Filter these records by the string "Summer", copying each line that holds it.

[Extracted data entries]
────

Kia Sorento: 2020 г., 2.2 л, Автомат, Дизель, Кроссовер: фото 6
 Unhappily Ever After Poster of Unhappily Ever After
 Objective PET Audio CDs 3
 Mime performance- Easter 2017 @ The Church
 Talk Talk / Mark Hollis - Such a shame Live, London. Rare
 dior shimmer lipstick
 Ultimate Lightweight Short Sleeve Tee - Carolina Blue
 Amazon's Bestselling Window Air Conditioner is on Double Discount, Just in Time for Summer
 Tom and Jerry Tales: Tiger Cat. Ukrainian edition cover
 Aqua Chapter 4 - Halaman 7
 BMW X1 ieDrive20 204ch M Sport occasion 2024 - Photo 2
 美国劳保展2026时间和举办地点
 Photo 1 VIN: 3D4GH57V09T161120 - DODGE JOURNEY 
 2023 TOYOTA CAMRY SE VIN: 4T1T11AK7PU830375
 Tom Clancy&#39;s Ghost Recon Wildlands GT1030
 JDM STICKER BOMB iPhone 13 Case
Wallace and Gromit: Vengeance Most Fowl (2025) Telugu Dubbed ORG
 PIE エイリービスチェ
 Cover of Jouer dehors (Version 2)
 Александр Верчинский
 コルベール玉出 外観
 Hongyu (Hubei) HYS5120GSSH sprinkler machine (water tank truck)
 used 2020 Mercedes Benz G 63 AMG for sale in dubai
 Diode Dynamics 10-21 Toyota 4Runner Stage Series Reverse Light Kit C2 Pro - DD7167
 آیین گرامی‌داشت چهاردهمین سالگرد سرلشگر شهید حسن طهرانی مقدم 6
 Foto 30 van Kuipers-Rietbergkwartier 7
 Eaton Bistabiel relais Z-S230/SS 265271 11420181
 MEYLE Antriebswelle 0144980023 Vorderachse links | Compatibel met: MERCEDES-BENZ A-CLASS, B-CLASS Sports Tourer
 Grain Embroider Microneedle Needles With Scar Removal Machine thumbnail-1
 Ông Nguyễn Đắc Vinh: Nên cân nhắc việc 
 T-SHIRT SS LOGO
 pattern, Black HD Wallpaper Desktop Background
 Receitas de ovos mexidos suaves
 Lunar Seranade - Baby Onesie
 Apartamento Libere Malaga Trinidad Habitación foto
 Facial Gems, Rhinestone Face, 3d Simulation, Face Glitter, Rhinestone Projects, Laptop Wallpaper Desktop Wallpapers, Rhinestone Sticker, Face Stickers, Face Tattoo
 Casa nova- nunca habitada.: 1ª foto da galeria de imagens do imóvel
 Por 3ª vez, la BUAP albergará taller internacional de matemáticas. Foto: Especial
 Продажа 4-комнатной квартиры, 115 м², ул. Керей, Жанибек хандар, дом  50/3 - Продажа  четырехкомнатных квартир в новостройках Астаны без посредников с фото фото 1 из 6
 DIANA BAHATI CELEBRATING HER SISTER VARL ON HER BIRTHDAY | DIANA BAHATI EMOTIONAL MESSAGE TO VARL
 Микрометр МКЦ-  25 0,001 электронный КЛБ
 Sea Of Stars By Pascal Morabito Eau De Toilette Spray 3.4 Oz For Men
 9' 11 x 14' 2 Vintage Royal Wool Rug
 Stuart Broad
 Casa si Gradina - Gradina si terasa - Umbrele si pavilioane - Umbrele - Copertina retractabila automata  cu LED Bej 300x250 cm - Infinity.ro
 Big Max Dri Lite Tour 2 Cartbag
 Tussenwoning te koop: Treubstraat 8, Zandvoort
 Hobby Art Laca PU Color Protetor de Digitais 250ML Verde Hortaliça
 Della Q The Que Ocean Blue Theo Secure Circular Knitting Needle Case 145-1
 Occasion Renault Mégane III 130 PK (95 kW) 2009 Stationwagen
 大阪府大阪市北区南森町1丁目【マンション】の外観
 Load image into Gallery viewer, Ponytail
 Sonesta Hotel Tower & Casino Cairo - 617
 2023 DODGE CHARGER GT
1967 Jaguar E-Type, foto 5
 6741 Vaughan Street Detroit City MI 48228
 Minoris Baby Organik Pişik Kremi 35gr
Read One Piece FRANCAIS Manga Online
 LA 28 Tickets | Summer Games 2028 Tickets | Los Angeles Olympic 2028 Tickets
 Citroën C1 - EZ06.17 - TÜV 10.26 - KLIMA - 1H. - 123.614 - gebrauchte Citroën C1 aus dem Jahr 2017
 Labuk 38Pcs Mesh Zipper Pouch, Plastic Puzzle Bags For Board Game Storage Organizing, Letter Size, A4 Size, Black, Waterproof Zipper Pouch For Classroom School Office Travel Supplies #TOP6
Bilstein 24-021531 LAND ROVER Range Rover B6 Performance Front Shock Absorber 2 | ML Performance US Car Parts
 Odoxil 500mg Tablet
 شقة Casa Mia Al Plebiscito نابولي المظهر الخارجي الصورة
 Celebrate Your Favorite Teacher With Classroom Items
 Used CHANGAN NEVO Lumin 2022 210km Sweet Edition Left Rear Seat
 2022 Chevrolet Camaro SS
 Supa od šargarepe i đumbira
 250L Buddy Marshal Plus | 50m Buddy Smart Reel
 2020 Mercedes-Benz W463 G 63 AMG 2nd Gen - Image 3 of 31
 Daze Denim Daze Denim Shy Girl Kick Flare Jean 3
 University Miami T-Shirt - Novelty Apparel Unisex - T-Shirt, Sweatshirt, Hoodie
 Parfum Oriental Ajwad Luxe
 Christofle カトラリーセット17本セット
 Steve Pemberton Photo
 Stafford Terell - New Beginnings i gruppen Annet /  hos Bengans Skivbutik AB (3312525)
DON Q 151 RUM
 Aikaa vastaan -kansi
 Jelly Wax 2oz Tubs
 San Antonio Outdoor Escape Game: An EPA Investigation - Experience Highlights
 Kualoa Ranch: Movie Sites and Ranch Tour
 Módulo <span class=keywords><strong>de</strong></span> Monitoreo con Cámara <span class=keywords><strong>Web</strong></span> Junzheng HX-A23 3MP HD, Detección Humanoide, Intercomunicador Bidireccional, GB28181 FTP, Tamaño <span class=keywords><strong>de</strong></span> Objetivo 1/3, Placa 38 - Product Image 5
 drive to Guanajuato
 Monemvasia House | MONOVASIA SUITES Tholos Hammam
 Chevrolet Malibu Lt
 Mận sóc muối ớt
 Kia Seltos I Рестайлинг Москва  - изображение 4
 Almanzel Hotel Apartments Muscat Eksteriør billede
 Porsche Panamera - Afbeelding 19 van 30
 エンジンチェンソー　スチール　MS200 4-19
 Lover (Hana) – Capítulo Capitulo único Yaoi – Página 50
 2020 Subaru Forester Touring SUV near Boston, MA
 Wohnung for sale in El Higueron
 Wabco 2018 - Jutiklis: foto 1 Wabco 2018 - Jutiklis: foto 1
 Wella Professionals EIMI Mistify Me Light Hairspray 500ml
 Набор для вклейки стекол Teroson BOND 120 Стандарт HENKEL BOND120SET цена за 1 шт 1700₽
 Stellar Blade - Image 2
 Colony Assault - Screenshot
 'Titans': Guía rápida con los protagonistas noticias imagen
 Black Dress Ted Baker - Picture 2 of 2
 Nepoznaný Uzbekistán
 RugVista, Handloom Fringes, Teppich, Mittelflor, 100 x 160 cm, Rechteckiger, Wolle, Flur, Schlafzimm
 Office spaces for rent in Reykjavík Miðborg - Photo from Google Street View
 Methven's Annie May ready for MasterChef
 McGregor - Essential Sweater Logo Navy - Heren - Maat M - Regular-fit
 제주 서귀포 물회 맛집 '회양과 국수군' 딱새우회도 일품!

────

* **Solution to the exercise**
 Amazon's Bestselling Window Air Conditioner is on Double Discount, Just in Time for Summer
 LA 28 Tickets | Summer Games 2028 Tickets | Los Angeles Olympic 2028 Tickets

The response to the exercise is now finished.